ICE detained Lyttle for 51 days, despite substantial evidence that he is a U.S. citizen, and put him in removal proceedings, where he was forced to defend himself without ever having the assistance of a lawyer. Lyttle was ordered removed in December 2008, and forced to cross the Mexican border on foot with only $3 in his pocket. Lyttle endured 125 days wandering through Mexico, Honduras, Nicaragua, and Guatemala, sleeping in streets and shelters, and even being imprisoned in a Honduran jail, before he was finally referred to a U.S. consular officer in Guatemala who actually listened to his story.
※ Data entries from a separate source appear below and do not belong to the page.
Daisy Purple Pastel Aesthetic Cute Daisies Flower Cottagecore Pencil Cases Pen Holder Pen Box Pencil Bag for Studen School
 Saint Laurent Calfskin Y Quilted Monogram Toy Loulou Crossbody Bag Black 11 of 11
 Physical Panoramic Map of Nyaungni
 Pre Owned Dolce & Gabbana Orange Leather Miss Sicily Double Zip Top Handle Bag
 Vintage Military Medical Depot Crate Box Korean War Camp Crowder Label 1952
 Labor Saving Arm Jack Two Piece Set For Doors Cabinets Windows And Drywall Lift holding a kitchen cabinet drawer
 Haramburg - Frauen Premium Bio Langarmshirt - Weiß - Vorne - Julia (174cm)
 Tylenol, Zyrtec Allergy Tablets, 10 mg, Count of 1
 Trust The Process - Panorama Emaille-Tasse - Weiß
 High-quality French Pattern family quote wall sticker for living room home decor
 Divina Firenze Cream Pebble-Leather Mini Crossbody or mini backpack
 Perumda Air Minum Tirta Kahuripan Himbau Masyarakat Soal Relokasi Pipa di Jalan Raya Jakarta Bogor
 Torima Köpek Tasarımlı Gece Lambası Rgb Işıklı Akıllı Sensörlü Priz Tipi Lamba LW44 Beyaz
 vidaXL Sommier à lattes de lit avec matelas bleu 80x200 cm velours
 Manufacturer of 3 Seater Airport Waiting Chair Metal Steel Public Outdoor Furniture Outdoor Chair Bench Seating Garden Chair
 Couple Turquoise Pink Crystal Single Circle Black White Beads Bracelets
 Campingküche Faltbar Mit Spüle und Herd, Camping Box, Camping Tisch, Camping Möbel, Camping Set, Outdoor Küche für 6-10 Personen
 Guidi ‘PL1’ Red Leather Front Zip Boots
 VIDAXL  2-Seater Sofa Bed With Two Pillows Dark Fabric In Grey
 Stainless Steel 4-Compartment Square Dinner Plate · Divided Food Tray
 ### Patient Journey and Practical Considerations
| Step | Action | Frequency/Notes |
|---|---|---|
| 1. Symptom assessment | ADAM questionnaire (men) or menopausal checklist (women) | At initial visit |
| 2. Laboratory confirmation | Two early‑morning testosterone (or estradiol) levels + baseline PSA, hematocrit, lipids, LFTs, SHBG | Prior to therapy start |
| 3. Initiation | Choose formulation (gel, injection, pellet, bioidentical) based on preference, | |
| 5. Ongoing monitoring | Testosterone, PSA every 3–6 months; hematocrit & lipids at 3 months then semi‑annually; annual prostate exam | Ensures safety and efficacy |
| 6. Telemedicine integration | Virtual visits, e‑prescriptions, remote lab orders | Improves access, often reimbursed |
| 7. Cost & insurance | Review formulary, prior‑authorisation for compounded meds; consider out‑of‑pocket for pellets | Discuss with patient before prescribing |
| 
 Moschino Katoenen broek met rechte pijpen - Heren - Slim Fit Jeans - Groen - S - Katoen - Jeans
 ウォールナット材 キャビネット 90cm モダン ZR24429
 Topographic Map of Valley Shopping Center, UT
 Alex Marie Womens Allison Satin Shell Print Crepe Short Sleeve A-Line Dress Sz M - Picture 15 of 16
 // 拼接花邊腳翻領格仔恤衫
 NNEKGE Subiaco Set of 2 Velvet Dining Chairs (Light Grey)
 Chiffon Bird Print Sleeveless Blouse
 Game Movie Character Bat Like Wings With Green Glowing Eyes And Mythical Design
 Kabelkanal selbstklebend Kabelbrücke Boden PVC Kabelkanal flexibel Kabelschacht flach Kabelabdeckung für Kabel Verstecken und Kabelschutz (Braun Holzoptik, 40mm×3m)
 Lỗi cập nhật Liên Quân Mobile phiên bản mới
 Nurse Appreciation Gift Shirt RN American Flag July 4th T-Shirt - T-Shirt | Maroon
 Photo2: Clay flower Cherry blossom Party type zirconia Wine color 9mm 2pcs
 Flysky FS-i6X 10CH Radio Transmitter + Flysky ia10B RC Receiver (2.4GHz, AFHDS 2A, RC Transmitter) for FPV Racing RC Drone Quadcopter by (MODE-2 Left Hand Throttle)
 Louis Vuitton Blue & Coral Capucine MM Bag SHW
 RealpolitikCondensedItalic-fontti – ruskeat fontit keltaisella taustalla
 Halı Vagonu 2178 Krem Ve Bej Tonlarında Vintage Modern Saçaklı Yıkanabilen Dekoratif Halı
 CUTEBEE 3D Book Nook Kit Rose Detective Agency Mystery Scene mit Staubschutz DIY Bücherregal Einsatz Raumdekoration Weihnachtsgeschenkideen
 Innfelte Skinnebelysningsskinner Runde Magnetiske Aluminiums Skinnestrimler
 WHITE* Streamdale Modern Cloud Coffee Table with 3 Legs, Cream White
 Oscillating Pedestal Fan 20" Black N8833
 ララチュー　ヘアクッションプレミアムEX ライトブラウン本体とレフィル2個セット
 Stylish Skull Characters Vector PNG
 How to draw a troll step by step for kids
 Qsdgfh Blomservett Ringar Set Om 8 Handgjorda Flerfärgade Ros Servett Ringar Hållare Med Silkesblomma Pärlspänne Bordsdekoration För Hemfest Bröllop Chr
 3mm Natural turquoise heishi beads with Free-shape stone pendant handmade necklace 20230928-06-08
The officer obtained confirmation of Lyttle’s U.S. citizenship by calling one of his brothers who serves in the U.S. military. Only through the extensive efforts of Lyttle’s family and a lawyer was he finally able to return.
Lyttle’s tale is unfortunately far from unique. Although no exact numbers exist, ICE regularly detains and deports U.S. citizens without ever providing them with a lawyer. And the U.S. continues to run a system of detention and deportation that fails adequately to protect the rights of vulnerable individuals like Lyttle.
The New Yorker article by William Finnegan, “The Deportation Machine,” highlights many of the continuing systemic problems with ICE policies, including its use of the flawed Secure Communities program, the prevalence of racial profiling, and the lack of any right to appointed counsel for individuals in immigration court. This lack of counsel is particularly problematic for people such as Lyttle, who, because of their mental disabilities, may not understand the immigration proceeding enough to be able to represent themselves adequately.
Although Lyttle was eventually able to return home with the help of a lawyer, not all those who are wrongfully deported have access to the same resources. In Lyttle’s case, the government spent hundreds of thousands of dollars to detain him, prosecute his removal proceedings and litigate against his federal court case—brought by the ACLU Immigrants’ Rights Project, the ACLU of Georgia, the ACLU of North Carolina, and pro bono lawyers including the law firm of Troutman Sanders—and ultimately pay him monetary damages. However, the government has never admitted any wrongdoing, nor has it put in place procedures sufficient to ensure that this cannot happen to others.
On Tuesday a federal district judge ordered the U.S. Immigration and Customs Enforcement, the Attorney General, and the Executive Office of Immigration Review to provide legal representation to immigrant detainees with mental disabilities who are facing deportation and who are unable to adequately represent themselves in immigration hearings. The ruling in the class-action lawsuit Franco-Gonzalez v. Holder is the first of its kind for immigrant detainees, who often languish in detention facilities for years without legal representation.
While a landmark victory, this ruling only applies to people in California, Arizona, and Washington. More is still need to protect the constitutional rights of those particularly vulnerable to mistakes caused by ICE’s aggressive enforcement tactics. As Mark Lyttle’s case demonstrates, the risk of wrongful detention and deportation is all too real for U.S. citizens and immigrants alike.